● **Data below**
+-------+

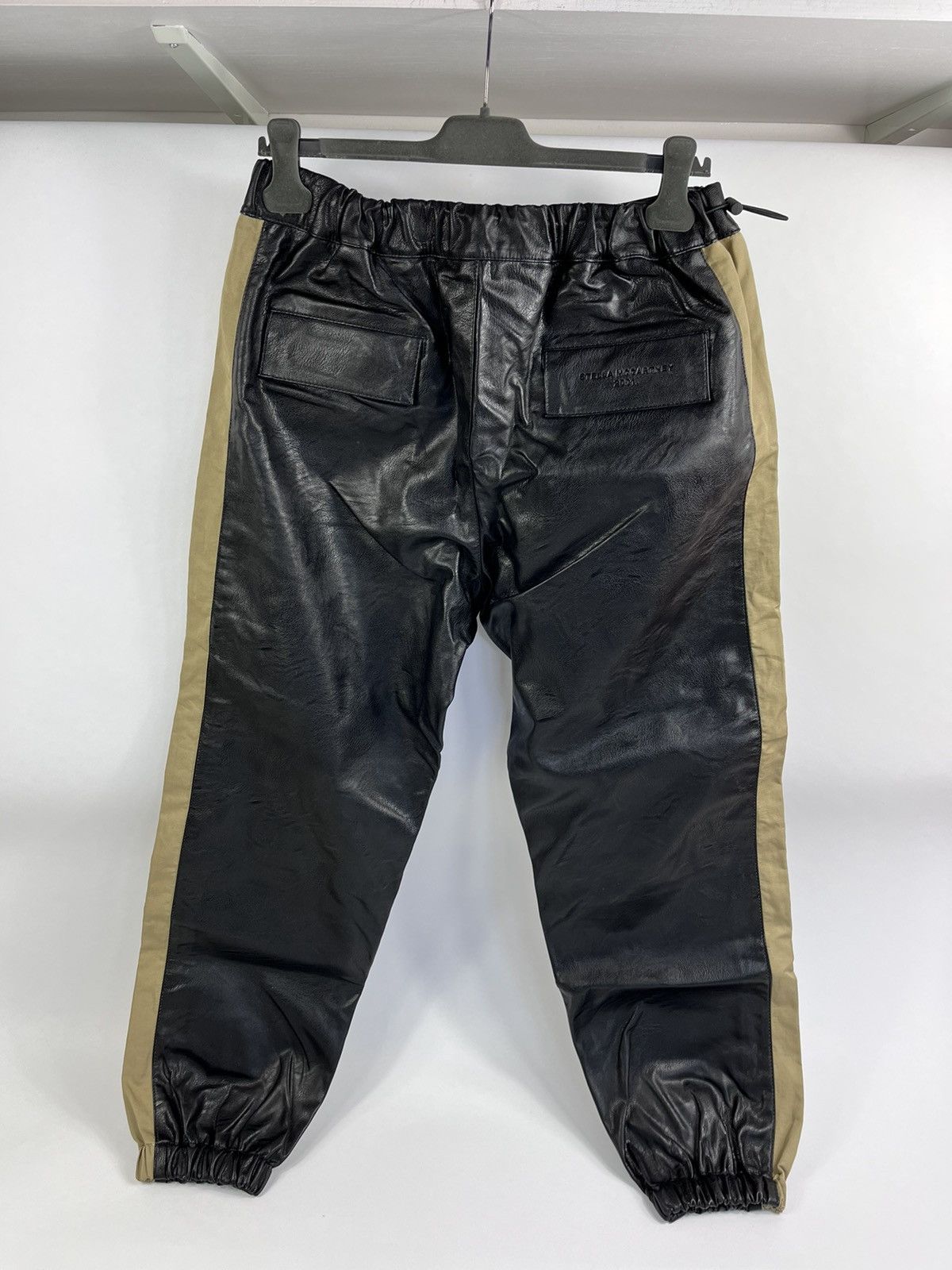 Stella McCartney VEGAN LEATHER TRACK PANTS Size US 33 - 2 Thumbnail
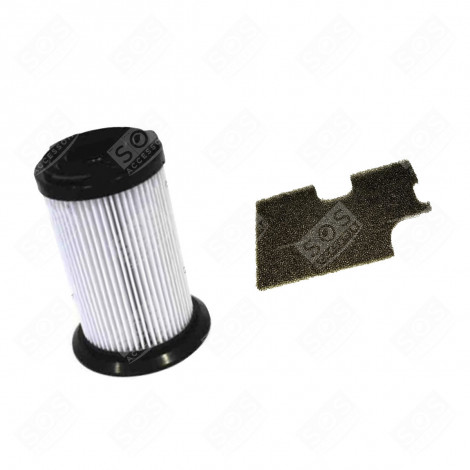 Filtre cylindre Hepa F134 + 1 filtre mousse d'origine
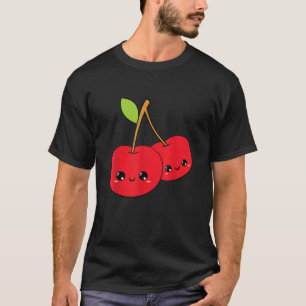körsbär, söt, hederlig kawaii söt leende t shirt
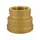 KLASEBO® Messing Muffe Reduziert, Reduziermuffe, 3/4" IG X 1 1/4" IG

+-------+

● **The task**
Transcribe all the material exactly; skip every image.

● **Your solution**
 Stella McCartney VEGAN LEATHER TRACK PANTS Size US 33 - 2 Thumbnail
 Filtre cylindre Hepa F134 + 1 filtre mousse d'origine
körsbär, söt, hederlig kawaii söt leende t shirt
 KLASEBO® Messing Muffe Reduziert, Reduziermuffe, 3/4" IG X 1 1/4" IG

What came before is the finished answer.